Rep. Steve LaTourette, R-Ohio, told multiple reporters that Senate Republicans and Democrats might have been drunk when voting Tuesday at 2 a.m. “We should not take a package put together by a bunch of octogenarians on New Year’s Eve,” declared LaTourette, who is retiring and claimed he was willing to hold his nose and vote for the Senate deal as is.
Yet as the day wore on, many rank-and-file House Republicans dwelt on the consequences of supporting a bill that would quickly die in the Senate. Wary of provoking a public outcry over a massive tax increase affecting almost every American, 85 GOP Congressmen relented and voted in favor of the Senate-passed plan.

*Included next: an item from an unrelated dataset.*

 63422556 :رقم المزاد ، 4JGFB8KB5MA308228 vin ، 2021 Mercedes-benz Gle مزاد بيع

The deal came about because 39 Republican senators joined with the Democratic majority to support a compromise that was frantically crafted by Biden and McConnell beginning last Saturday afternoon, when negotiations between McConnell and Senate Majority Leader Harry Reid, D-Nev., had hit a wall. The compromise that emerged would avert the threat of a fiscal calamity by extending lower, Bush-era tax rates for families with incomes below $450,000 and delaying deep automatic spending cuts for two months.
President Obama declared victory before sunrise on Tuesday, but the rare showing of bipartisanship quickly gave way to resistance in the House.

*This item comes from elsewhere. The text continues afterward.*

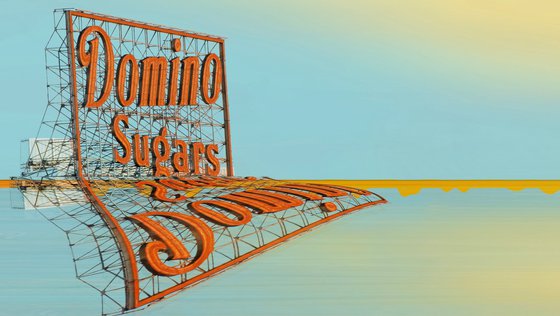 Domino Sugar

The GOP concerns were couched along the lines of a generational conflict, with the 59-year old Texas Rep. Louie Gohmert scolding his slightly more ossified colleagues in the Senate. “We’re taking up a bill that will not do anything to cut spending,” the Republican said in a floor speech. “I’m embarrassed for this generation. The future generations deserve better.”
The dispute reflects a basic tension within the Republican circles: Is it better to cling fast to the conservative principles of a drastically smaller government that charges less in taxes, or compromise with political rivals to avoid an economic disaster? But the nastiness was surprising at a time when voters are calling for unity and the financial markets are jittery.
“I guess incivility knows no bounds,” Robert Bixby, executive director of the pro-deficit reduction Concord Coalition, told The Fiscal Times. “It’s certainly not the grand bargain I would have looked for, but there doesn’t appear to be any great deals in the offing. Time is running out, and if they’re going to do anything, they better do it now.”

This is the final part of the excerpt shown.